Most Americans have never heard of the Eblaite Empire. But historians now believe that empire rivaled in power and achievement the contemporaneous empires of Egypt and Mesopotamia.
In 1964, a team of Italian archaeologists began excavating an artificial hill called Tell Mardikh about 33 miles southwest of Aleppo, Syria. In 1968, they confirmed they had located the city of Ebla, with a hilltop palace overlooking 150 acres of buildings and temples. In 1975, archaeologists uncovered more than 17,000 clay tablets near the palace, neatly arranged by subject. The tablets recorded in cuneiform script the history of Ebla at the peak of its power in the middle of the third millennium B.C., the same period in which Egyptians built the Great Pyramids. The records, written in Sumerian and a previously unknown language now called Eblaite, described a highly organized city of about 40,000 that controlled an empire occupying most of what is now Syria and parts of southern Turkey.

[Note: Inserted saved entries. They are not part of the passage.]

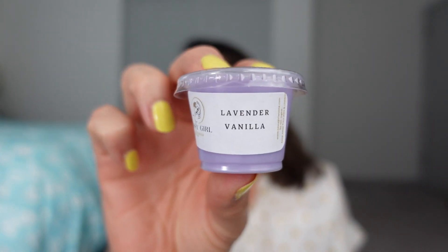This next sample is Lavender Vanilla. I think it's safe to say this has lavender and vanilla in it. It's light though — I can barely smell it — but where the other one I could smell something very lovely, this is a creamy, creamy lavender.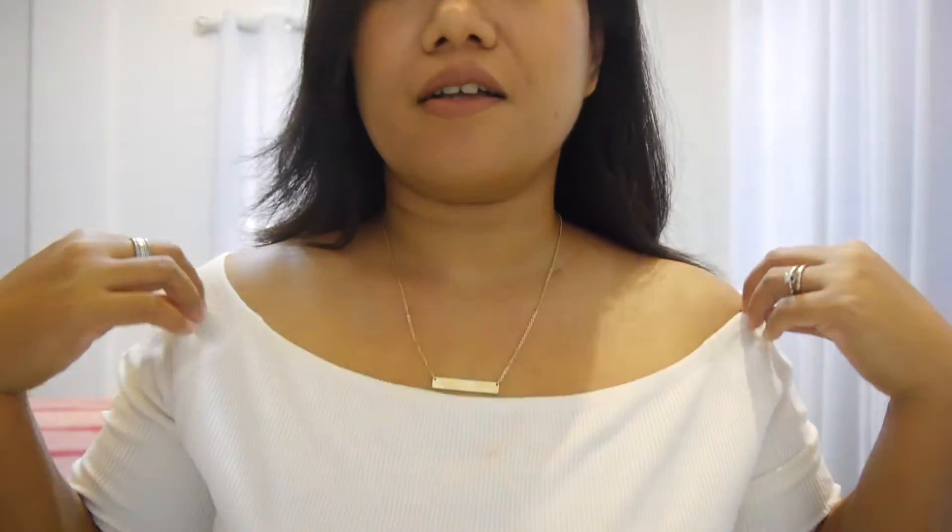Let's try it on and see what it looks like. So that's it guys, that's how it looks on your neck. This is the shortest setting — I wish it were a bit shorter. But so far I'm happy with it, it looks like good quality and it complements my outfit.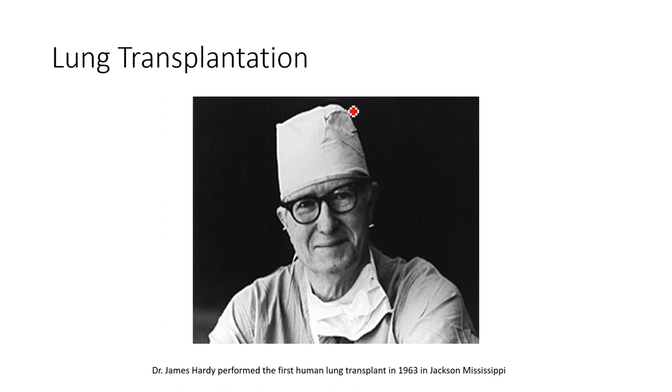Okay guys, welcome back. Now in this part of the lecture, we'll get into some of the specifics on lung transplantation.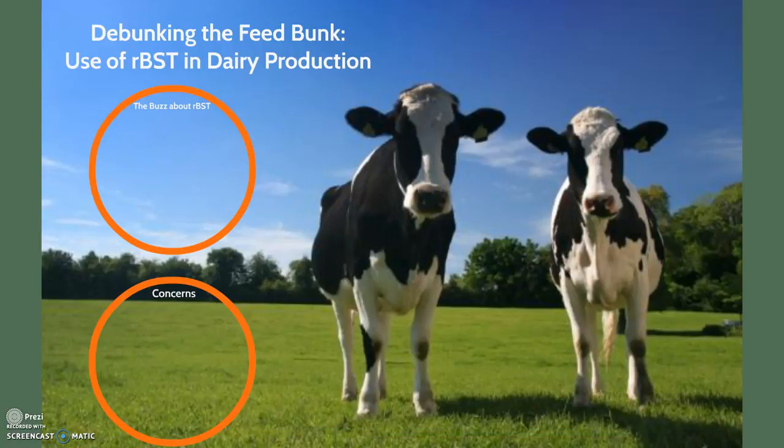We care about our food a lot — how it's made, where it comes from, what benefits and risks it adds to our health, and how the animals it came from are treated. Not surprisingly, one of the hot topics in past years and current news is the use of recombinant bovine somatotropin, or rBST, in dairy production. Conflicting media investigations and scientific reports have made it difficult for consumers to understand the use of this biotechnology, so we hope this presentation helps to debunk the feedbunk and increase general understanding of agricultural practices.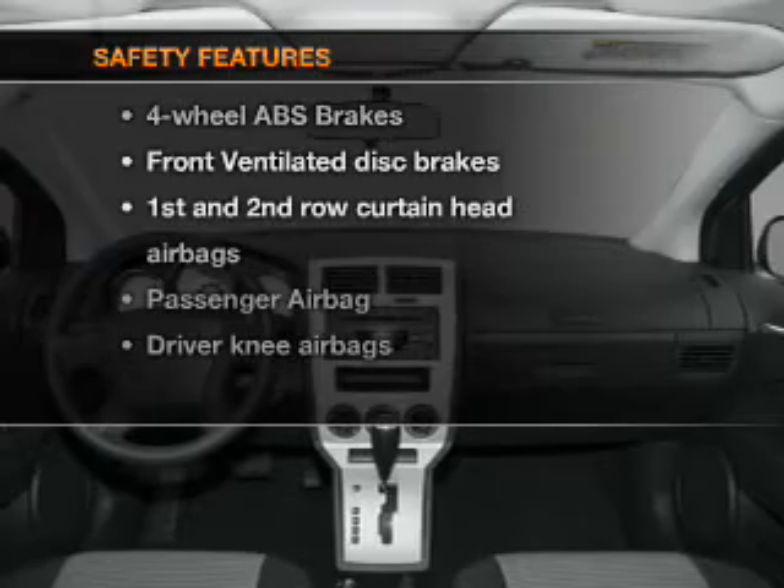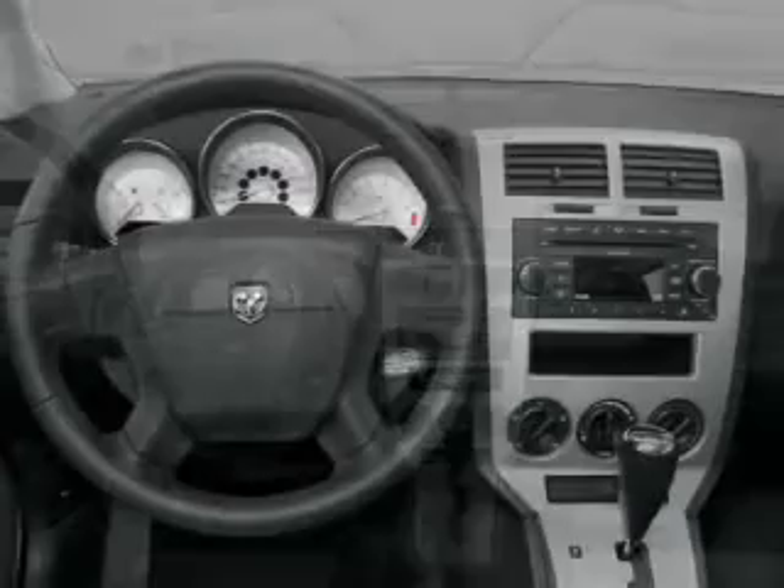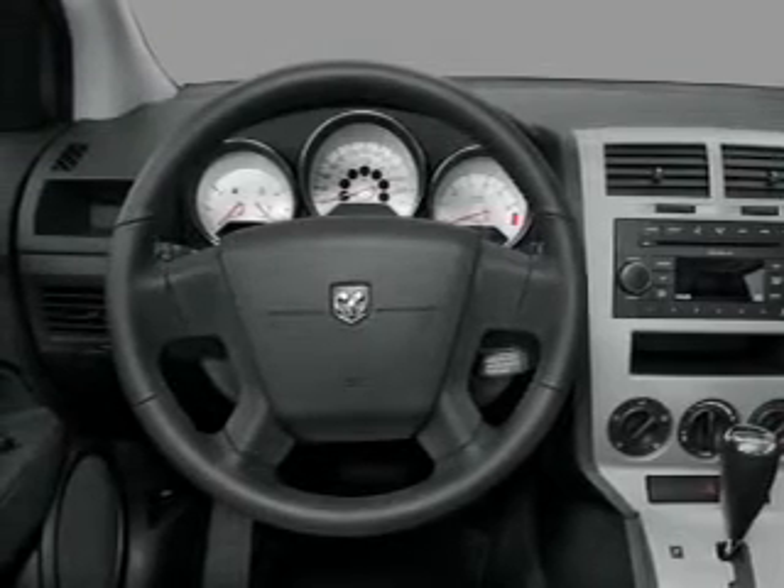If safety is a high priority, rest assured knowing that these top safety components are included: front ventilated disc brakes, passenger airbag, and curtain head airbags.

Ebla’s tablets revealed ideas once thought to have a much more recent origin. Citizens elected the ruler for a term of seven years, with a council of elders advising the ruler. Women held positions of power in the government, which included 14 ministers, two serving in the city itself, and the others serving around the empire. The wife of the elected ruler controlled linen and woolen cloth making, which joined olive oil, beer and manufactured goods, as the key exports. According to the accounting records, women and men earned equal wages.
Ebla was severely damaged by warfare in 2240 B.C., which helped preserve the tablets. It then began a period of gradual decline that ended with its total destruction in about 1600 B.C., after which Ebla and its empire were forgotten. During Syria’s civil war, soldiers have used Ebla’s hill as a lookout.